Par la simplification du procédé et la réduction des coûts de production, les jeunes polytechniciens balisent ainsi la voie à l’accès en masse à l’eau de javel. « Il suffit de mettre un litre d’eau et une cuillérée de sel et faire fonctionner l’appareil avec l’électricité ou une autre source d’énergie et avoir son eau de javel au bout de 15 à 20 minutes », commente Ousseynou Sylla.

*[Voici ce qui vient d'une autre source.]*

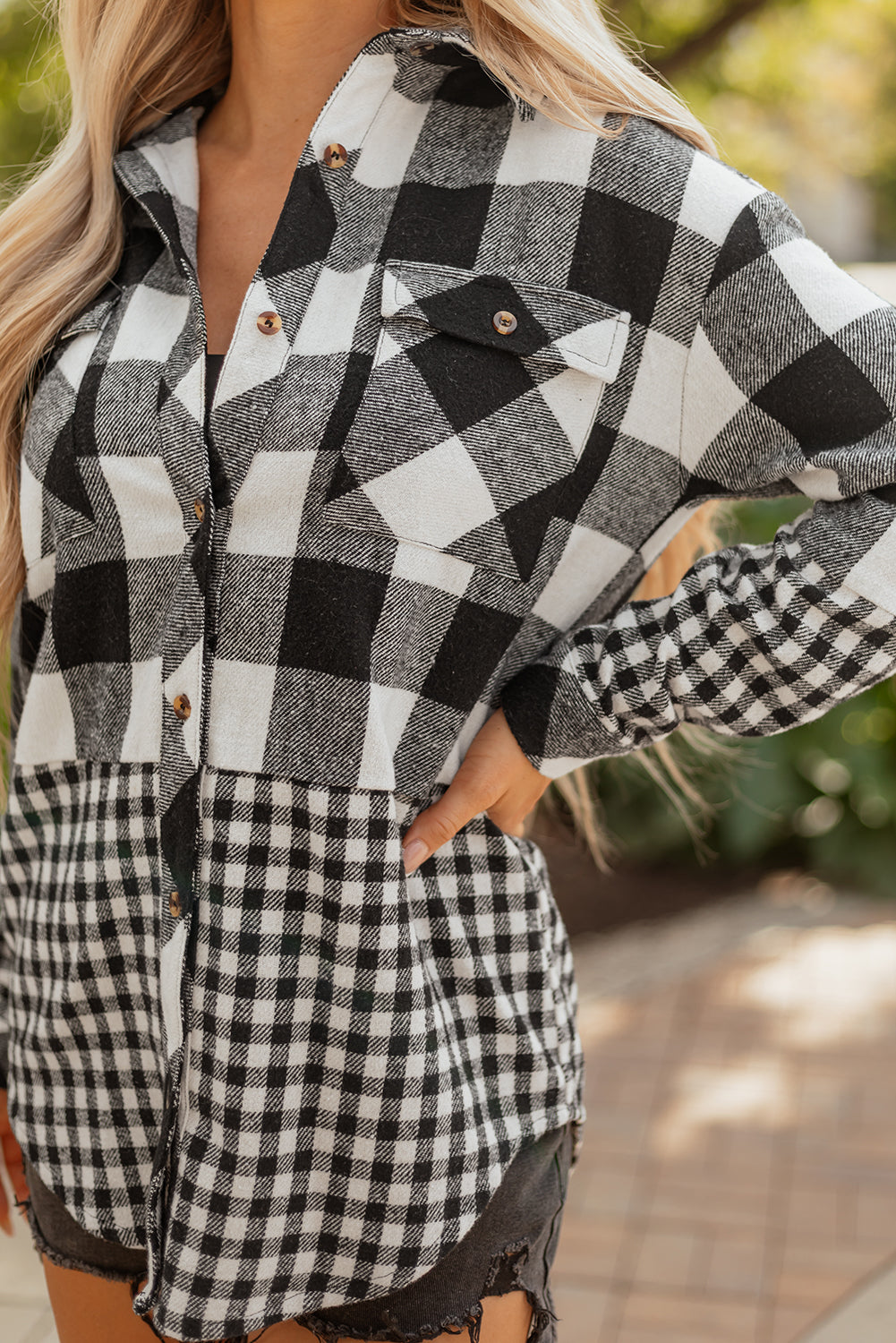 Black Double Plaid Patchwork Drawstring Hooded Shacket-Tops / Dresses-[Adult]-[Female]-2022 Online Blue Zone Planet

Réduction du coût de fabrication
Les étudiants ont mis des échantillons à la disposition des populations. Des bouteilles ont été distribuées à l’Hôpital Dominique de Pikine et au Marché Tilène. Le feed-back des structures et des personnes qui ont utilisé des échantillons ont convaincu les étudiants qui peuvent participer à la lutte contre des maladies en rendant accessible ce produit. Il faut rappeler que la préservation de la santé des personnes à revenu modeste ou intermédiaire a été le point de départ de cette innovation. Pour ces jeunes polytechniciens, ce n’est pas normal en Afrique que des personnes continuent de mourir pour des questions liées à l’hygiène et à l’insalubrité. « Nous avons constaté que le manque d’hygiène et l’insalubrité causent de nombreux décès.

Or tous ces décès sont évitables si les produits désinfectants sont disponibles. Nous nous sommes dits qu’il faut se rebeller contre cet état de fait », raconte M. Sylla qui fait partie d’un groupe qui a été plusieurs lauréats des concours sur les innovations et l’entreprenariat social. Comme pour beaucoup de porteurs de projets innovants, les chances de production à une échelle importante sont minimes. L’accompagnement par des industriels est un défi à relever dans ce secteur en plein frémissement depuis l’explosion des nouvelles technologies.

L’historique d’une invention
En tout état de cause, l’invention de l’eau de Javel a son histoire. C’est le chimiste français Claude Louis Berthollet qui a été le premier à mettre en évidence les propriétés décolorantes du chlore en partant d’un procédé de blanchissement des toiles avec une solution de chlorure et d’hypochlorite de potassium. C’était en 1777.

Mais le Français doit beaucoup au chimiste suédois Scheele qui a découvert le chlore en 1774. Au fil des années, d’autres scientifiques essaieront d’affiner les procédés. En 1820, le pharmacien Antoine Germaine Labarraque étudie les qualités désinfectantes des dérivés chlorés et des hypochlorites de potassium et de sodium. Il a mis au point une solution de chlorure et d’hypochlorite de sodium. Aujourd’hui, l’innovation apportée par ces jeunes sénégalais s’inscrit dans l’affinement des procédés de fabrication.